Wednesday 12 July 2017

Get Rid of Mental Baggages

Corrie ten Boom was the very first female watchmaker to be licenced in the Netherlands.

She and her family were renowned for helping many Jews escape The Holocaust during World War II. Due to their acts of kindness, many of her family members and her were subsequently arrested and thrown into prison for being part of the Resistance.

A number of years after her traumatic experience in the Nazi concentration camp, Corrie ten Boom was speaking in a church when she found herself standing face-to-face with a man who had been one of the cruellest guards she ever encountered in the camps. This man had humiliated and degraded both her and her sister. Jeering at them and visually ‘raping’ them as they stood in the sanitary shower.

Suddenly, he stood there before her with an outstretched hand, asking, “Will you forgive me?” Corrie said, “I stood there with coldness clutching at my heart, but I knew that the will can function regardless of the temperature of the heart.

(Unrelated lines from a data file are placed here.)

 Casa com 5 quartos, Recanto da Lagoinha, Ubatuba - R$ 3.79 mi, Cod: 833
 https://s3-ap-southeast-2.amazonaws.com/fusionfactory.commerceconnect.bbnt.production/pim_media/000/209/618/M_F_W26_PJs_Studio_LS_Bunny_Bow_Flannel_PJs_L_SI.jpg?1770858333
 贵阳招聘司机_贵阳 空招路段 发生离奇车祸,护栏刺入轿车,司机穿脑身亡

I prayed, “Jesus, help me!” Woodenly, mechanically, I thrust my hand into the one stretched out to me, and when I did I experienced an incredible thing. The current started in my shoulder, raced down into my arm, and sprang into our clutched hands. Then this warm reconciliation seemed to flood my whole being, bringing tears to my eyes. “I forgive you, brother,” I cried with my whole heart.

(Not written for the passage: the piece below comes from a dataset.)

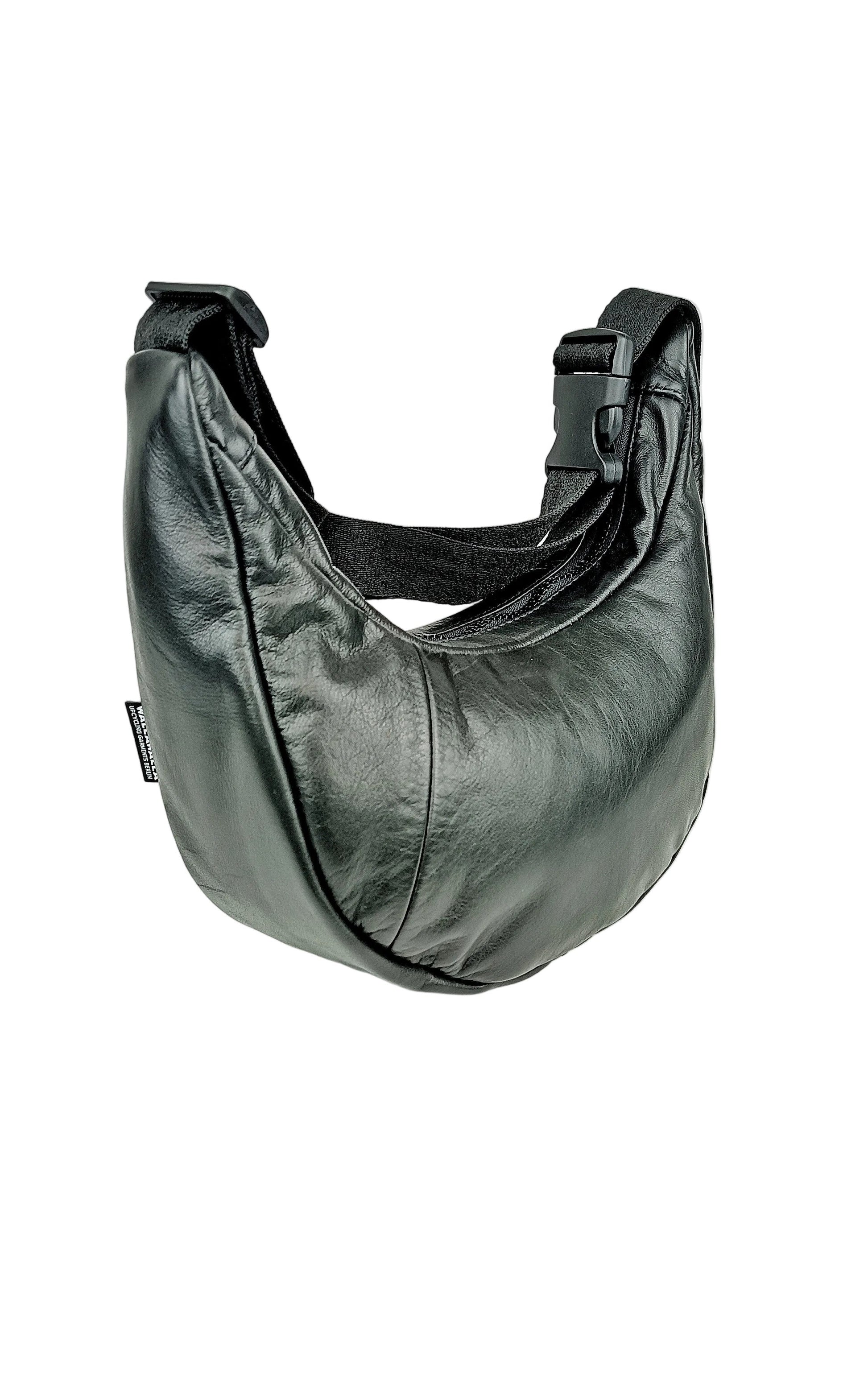 Rückenansicht schwarze Two-Way bag mit Nieten, handgemachtes Upcycling-Unikat von Wallawalla Berlin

For a long moment we grasped each other’s hands, the former guard and the former prisoner. I have never known the love of God as intensely as I did in that moment.

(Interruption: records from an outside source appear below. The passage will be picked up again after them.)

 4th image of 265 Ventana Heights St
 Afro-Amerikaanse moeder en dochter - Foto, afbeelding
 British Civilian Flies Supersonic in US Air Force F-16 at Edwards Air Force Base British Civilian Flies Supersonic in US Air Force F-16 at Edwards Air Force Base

Corrie recounts this and her other experiences in the concentration camp in her very famous book, “The Hiding Place”. She later received several honours for her heroism and noble works during World War II.

Her story serves as a very good example of someone who not only got rid of her emotional baggage, but also didn’t allow the hurtful events of the past to run or rule her life in the present and future sense. And I believe that this sort of behaviour is something that all married couples must seek to exhibit in their marriage.

When we don’t let go of hurt and disappointment from a previous relationship but we carry them into our marriage, and our partner does something similar that reminds us of the pain from the past, we react with needless anger as if it was our partner that inflicted the original hurt. This is very unhealthy and can be quite damaging to a marriage. Because your over-the-top reaction to something surface and minor causes your spouse to be upset and puts them in a state of dilemma. The longer this goes on, the more damaging it will get for your marriage.

It's hard to be clear about who you are when you are carrying around a bunch of baggage from the past. I've learned to let go and move more quickly into the next place.
Angelina Jolie

I think people just need to understand that no matter how much you try to, you can’t unscramble an egg. Once it’s scrambled, you cannot unmake it. It’s like spilled milk, you can’t cry over it forever. But what you can do is clean up the mess that’s been made, and move on from there.

Look at it like your work-desk at the office or at home. Over time, you’ve piled up files and papers upon paper and now you are unable to focus on important work because the clutter has become a distraction. You can decide to keep watching the pile of clutter grow by the day, or you can decide to declutter and get rid of the rubbish so that you can have space for new things to come in.

In the same way, you can declutter your mind of any emotional baggage that’s hindering you from embracing the bright future in your marriage. No point crying endlessly over something that come and gone. Get over it and get on with your life.

If I didn't forgive the people who took me into the barracks and beat me unconscious over a period of days during the period when the British state was indicted for inhuman and degrading treatment in 1971-72, or even the guys who shot me, if you don't forgive them, you end up with unnecessary baggage.
Gerry Adams

Sometimes letting go of some things could help you better appreciate the things you still have.